Но затем в июле произошел поворот на 180 градусов, возможно, наиболее драматичный в истории современных войн. Быстрота немецкого разгрома стала сюрпризом для обеих сторон. Людендорф наверняка просто не мог в него поверить. 8 августа его войска потерпели самое большое поражение за всю войну, потеряв 30 тыс. человек в Битве при Амьене. Людендорф окрестил ее «черным днем немецкой армии» и вскоре впал в отчаяние. Через несколько недель все увидели в мастере стратегии простого обманщика: когда его военное наступление не смогло привести к решающему прорыву, выяснилось, что у него нет плана Б, он мог предложить только бессмысленное повторение плана А. В сентябре у него случился нервный срыв, и он был вынужден отправиться в санаторий, где доктора порекомендовали ему, чтобы взбодриться, петь народные песни. Но это не помогло.

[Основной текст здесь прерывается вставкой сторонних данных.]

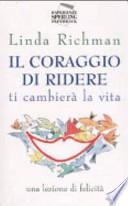 Il coraggio di ridere ti cambierà la vita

Но если военные руководители Германии были не готовы к поражению, точно так же демократические лидеры Запада были не готовы к победе. Даже в сентябре стратеги по обеим сторонам Атлантики цеплялись за планы, которые предполагали, что война продлится по крайней мере до 1919 г. и, может быть, даже до 1920-го, когда вступившие в действие американские силы покажут наконец, на что они способны. Никто не хотел, чтобы американскую военную машину, которая только начала раскочегариваться, вырубили раньше срока. В конце сентября была выпущена четвертая серия облигаций свободы. Общественные митинги, собиравшиеся для рекламы этого выпуска, стали самыми большими по численности, и пропаганда не щадила сил, то и дело подчеркивая, что судьба демократии висит на волоске. Борьба не на жизнь, а на смерть для демократии продолжалась, словно бы на нее никак не повлияло то, что немецкая автократия уже билась в предсмертных судорогах.

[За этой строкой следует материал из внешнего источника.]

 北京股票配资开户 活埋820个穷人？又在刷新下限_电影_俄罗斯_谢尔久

Существует известное клише истории XX в.: удивительный поворот в войне, случившийся в 1918 г., был для немцев слишком серьезным ударом, с которым они так и не смогли справиться, а потому он стал источником легенды о предательстве, сложенной впоследствии. Как могла армия, которая, как им говорили, вот-вот выиграет войну, внезапно ее проиграть, если только ее не предали евреи и социалисты? Однако осознать скорость развала Германии было сложно и победителям. Как демократии, которые в конце весны были в полном замешательстве и которые продемонстрировали все свои обычные слабости – нерешительность, склочность и едва ли не отчаяние, – смогли добиться к осени столь решительного господства? На этой стороне тоже появилось искушение найти какое-нибудь скрытое объяснение.